● What you need to do: The lines below, from the one holding "亚基马Hilton Garden Inn" through the one holding "45L Taktische Reisetasche", are to be restated word for word, with all images left out.
Start of Provided material
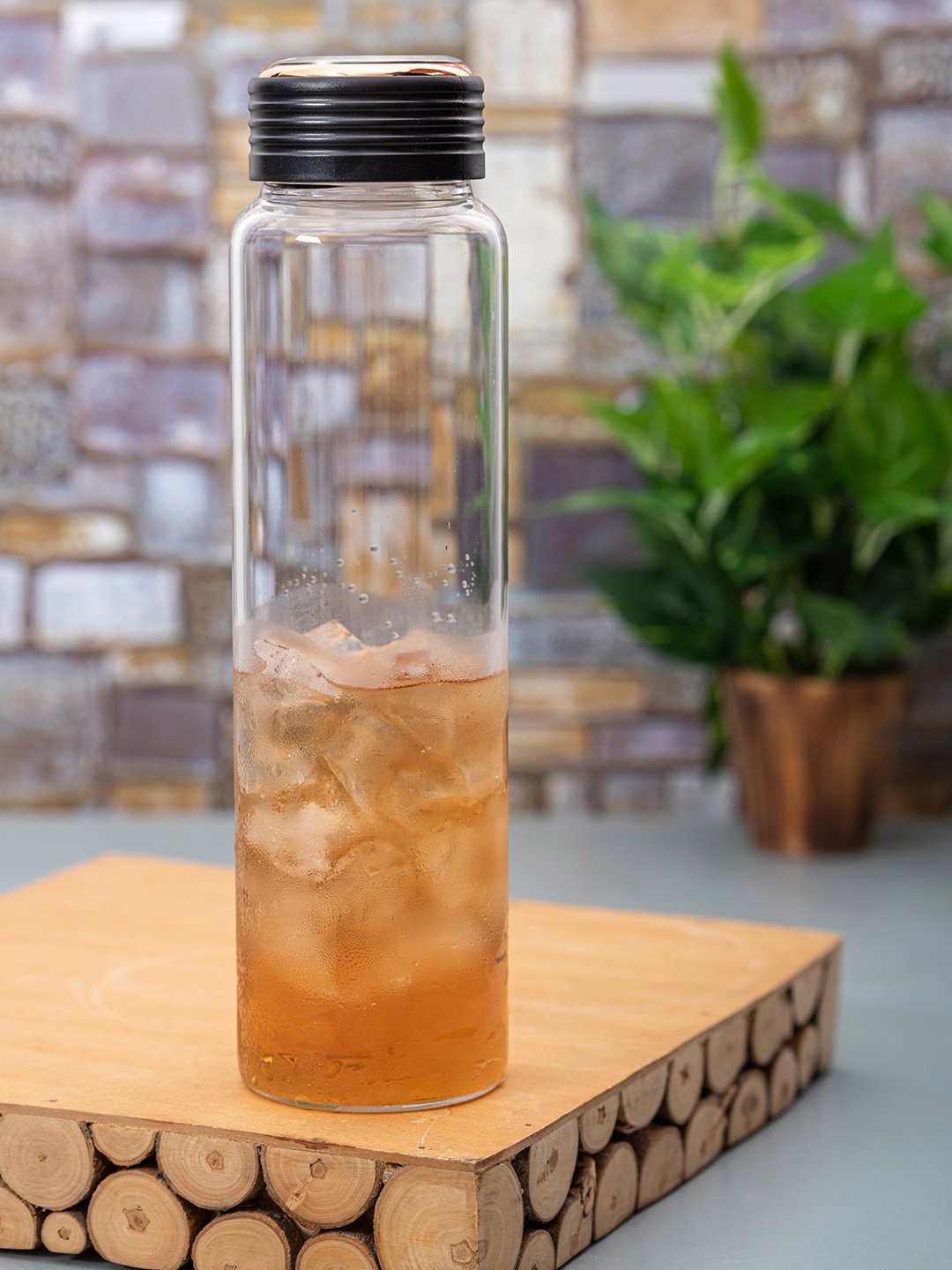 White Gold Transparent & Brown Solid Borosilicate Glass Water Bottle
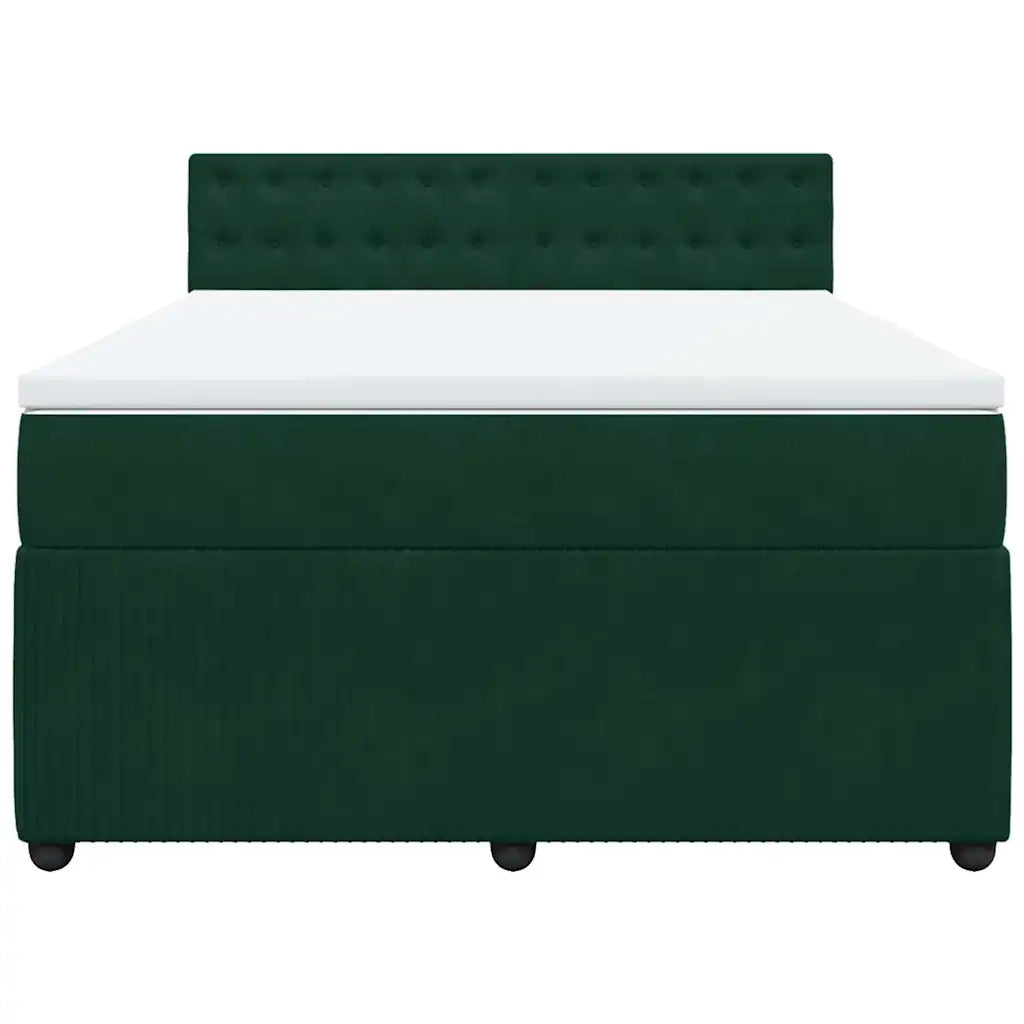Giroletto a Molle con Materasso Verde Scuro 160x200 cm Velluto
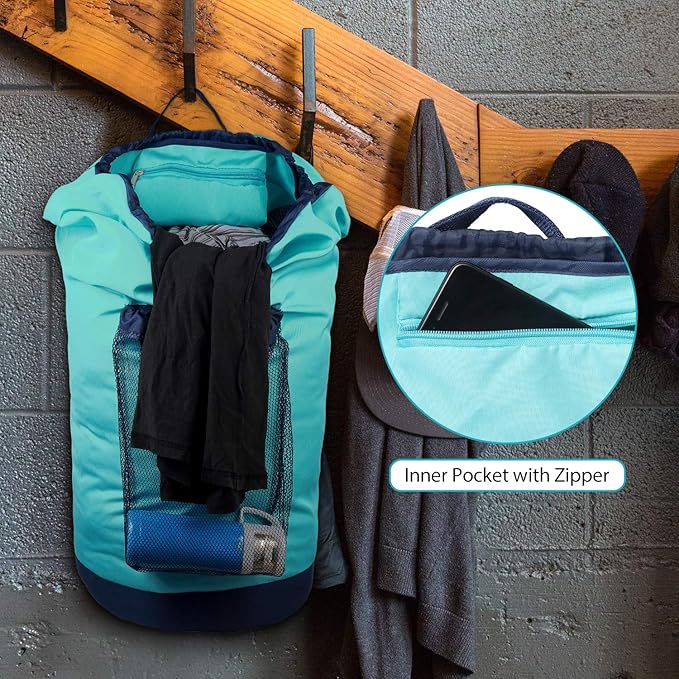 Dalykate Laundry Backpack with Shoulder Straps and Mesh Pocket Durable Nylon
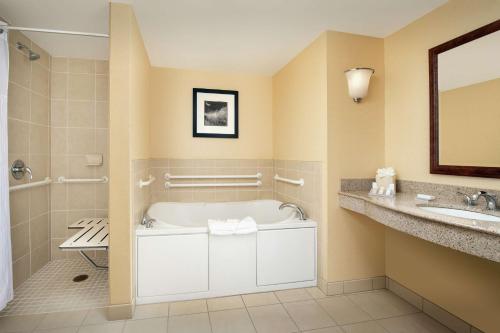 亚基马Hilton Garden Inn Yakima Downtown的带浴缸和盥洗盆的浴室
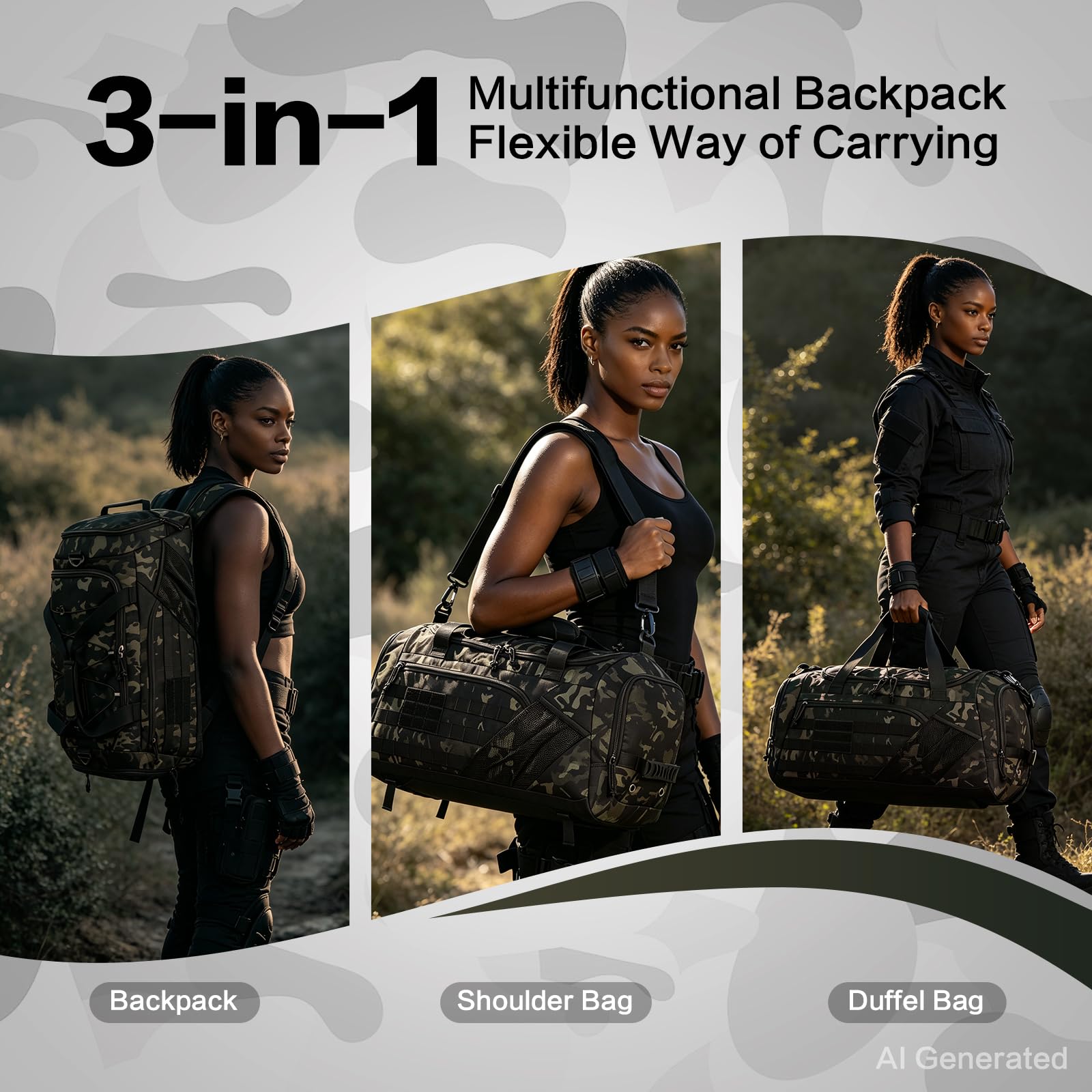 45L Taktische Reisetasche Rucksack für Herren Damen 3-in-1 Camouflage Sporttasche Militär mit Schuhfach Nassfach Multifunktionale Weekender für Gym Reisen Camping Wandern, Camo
End of Provided material
Start of Provided material
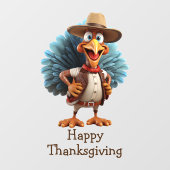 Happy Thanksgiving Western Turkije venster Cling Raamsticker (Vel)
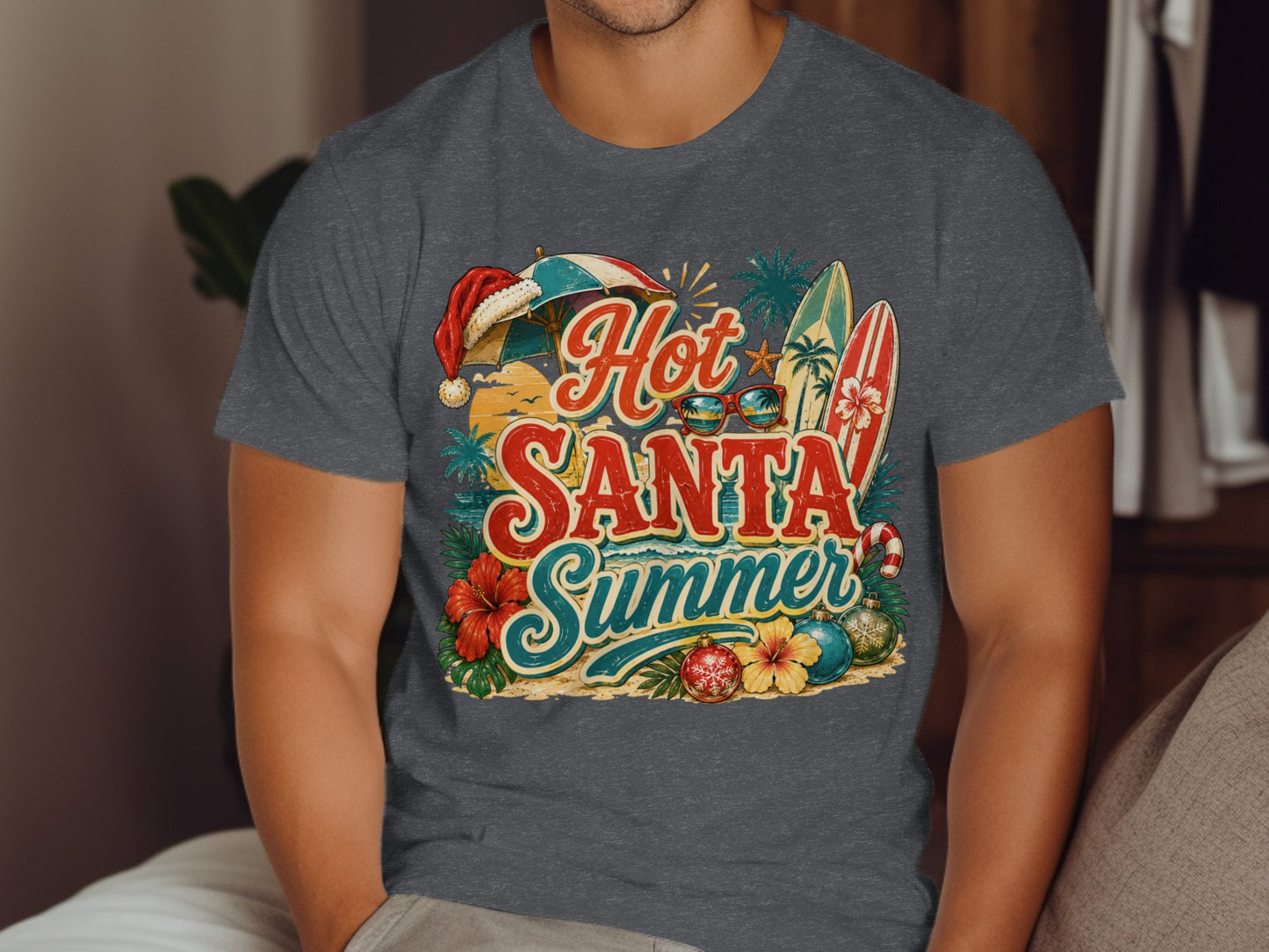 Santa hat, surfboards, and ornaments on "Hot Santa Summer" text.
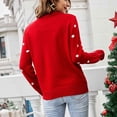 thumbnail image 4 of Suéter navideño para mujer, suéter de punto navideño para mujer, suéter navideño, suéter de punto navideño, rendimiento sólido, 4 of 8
End of Provided material
● Problem solution:
 亚基马Hilton Garden Inn Yakima Downtown的带浴缸和盥洗盆的浴室
 45L Taktische Reisetasche Rucksack für Herren Damen 3-in-1 Camouflage Sporttasche Militär mit Schuhfach Nassfach Multifunktionale Weekender für Gym Reisen Camping Wandern, Camo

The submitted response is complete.